In vitro studies of human lung carcinogenesis.

C. C. Harris, J. F. Lechner, G. H. Yoakum, P. Amstad, B. E. Korba, E. Gabrielson, R. Grafstrom, A. Shamsuddin, B. F. Trump

Research output: Contribution to journalArticlepeer-review

9 Scopus citations


Advances in the methodology to culture normal human lung cells have provided opportunities to investigate fundamental problems in biomedical research, including the mechanism(s) of carcinogenesis. Using the strategy schematically shown in Figure 1, we have initiated studies of the effects of carcinogens on the normal progenitor cells of the human cancers caused by these carcinogens.
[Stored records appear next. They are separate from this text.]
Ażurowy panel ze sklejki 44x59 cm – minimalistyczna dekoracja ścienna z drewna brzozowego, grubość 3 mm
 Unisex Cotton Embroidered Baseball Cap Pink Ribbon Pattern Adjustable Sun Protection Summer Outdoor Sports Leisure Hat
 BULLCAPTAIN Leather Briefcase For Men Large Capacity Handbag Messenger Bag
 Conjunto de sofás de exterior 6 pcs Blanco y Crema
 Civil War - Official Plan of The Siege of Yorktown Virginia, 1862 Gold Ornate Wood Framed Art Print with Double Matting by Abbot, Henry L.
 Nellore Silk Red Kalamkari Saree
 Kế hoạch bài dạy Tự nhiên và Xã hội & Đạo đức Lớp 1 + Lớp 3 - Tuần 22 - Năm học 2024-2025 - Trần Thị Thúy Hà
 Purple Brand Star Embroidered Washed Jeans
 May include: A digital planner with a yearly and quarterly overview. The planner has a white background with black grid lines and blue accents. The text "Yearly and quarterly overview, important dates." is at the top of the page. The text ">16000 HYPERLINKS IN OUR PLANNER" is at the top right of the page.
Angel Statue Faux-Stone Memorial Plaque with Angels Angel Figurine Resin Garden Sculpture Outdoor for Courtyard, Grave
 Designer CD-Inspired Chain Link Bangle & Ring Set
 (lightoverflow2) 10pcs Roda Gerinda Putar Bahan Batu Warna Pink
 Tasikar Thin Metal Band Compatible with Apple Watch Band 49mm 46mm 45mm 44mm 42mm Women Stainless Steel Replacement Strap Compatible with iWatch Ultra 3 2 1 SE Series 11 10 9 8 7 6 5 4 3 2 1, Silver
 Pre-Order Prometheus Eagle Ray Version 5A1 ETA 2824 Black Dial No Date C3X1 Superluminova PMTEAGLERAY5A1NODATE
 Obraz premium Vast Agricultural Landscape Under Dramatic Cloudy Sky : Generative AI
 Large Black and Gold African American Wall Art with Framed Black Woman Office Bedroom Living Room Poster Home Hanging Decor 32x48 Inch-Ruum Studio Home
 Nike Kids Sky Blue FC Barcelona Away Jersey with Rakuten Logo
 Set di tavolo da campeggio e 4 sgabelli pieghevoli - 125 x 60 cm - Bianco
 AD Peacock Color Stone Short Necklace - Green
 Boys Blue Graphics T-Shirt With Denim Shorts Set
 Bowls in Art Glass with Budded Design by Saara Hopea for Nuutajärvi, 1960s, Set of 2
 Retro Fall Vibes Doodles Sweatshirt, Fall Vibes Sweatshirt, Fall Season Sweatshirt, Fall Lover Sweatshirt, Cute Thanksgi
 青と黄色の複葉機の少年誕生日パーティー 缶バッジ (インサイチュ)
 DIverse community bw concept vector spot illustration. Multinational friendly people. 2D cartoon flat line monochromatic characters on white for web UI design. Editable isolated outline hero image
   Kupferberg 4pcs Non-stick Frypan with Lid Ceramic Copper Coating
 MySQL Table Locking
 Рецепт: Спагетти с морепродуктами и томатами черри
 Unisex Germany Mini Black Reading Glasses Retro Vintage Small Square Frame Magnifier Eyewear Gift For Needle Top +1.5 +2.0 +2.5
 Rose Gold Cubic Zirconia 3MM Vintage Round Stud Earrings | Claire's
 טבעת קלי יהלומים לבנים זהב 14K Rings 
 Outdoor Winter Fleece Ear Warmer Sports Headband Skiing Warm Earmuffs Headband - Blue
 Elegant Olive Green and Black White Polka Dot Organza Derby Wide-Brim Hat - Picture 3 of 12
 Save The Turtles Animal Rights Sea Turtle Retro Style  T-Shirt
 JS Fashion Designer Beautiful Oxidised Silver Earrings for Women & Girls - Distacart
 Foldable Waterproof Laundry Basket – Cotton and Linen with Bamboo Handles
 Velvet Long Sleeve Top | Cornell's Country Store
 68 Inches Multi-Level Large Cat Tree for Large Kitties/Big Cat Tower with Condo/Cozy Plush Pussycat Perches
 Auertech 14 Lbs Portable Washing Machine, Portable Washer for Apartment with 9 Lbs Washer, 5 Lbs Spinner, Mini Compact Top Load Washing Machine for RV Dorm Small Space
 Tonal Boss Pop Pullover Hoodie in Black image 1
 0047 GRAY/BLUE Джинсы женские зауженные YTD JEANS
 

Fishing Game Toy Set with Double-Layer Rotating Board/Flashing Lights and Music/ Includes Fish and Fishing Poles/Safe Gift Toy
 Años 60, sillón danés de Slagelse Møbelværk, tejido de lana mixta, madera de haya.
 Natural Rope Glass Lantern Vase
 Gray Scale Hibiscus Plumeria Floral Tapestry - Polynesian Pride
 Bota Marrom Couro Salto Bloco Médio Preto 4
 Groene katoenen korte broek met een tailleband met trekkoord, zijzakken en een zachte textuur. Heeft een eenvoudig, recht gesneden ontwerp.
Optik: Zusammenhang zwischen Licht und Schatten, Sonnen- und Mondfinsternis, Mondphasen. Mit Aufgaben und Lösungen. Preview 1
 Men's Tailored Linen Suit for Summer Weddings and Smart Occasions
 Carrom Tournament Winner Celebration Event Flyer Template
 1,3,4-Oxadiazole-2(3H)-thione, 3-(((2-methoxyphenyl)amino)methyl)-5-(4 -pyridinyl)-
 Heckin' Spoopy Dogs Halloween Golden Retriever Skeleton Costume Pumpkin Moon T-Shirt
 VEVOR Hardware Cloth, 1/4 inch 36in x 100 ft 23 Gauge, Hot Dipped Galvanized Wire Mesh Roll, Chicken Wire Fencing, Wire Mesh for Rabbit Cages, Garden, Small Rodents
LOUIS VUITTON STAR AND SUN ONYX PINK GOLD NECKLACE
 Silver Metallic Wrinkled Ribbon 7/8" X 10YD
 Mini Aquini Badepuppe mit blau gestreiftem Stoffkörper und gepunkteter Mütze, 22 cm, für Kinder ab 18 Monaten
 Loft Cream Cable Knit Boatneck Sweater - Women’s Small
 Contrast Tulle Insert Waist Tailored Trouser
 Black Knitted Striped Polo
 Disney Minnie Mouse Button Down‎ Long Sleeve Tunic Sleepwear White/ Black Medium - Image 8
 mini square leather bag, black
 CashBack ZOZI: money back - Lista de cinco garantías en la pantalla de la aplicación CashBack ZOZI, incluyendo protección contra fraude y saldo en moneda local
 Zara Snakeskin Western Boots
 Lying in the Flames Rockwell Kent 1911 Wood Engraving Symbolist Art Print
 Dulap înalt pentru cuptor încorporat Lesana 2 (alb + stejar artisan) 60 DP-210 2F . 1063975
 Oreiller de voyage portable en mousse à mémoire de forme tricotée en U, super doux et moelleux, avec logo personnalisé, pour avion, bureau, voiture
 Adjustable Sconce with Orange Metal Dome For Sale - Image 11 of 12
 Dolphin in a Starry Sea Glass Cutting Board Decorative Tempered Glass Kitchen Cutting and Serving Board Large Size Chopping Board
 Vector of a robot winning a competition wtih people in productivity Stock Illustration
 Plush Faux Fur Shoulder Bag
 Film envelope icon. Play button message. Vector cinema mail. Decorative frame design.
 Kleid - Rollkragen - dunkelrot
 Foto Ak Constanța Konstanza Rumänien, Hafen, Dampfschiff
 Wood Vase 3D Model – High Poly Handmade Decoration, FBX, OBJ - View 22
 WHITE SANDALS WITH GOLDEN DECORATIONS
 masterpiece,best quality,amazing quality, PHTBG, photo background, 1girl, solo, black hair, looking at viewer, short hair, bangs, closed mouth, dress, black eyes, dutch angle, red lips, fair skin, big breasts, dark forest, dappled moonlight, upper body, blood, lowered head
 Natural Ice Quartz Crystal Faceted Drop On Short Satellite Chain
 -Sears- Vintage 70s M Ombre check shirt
Extended lifespans and aneuploidy were found after exposure of mesothelial cells to asbestos and bronchial epithelial cells to nickel sulfate. These abnormal cells may be considered to be preneoplastic and at an intermediate position in the multistage process of carcinogenesis. Human bronchial epithelial cells can also be employed to investigate the role of specific oncogenes in carcinogenesis and tumor progression. Using the protoplast fusion method for high frequency gene transfection, vHa-ras oncogene initiates a cascade of events in the normal human bronchial cells leading to their apparent immortality, aneuploidy, and tumorigenicity in athymic nude mice. These results suggest that oncogenes may play an important role in human carcinogenesis.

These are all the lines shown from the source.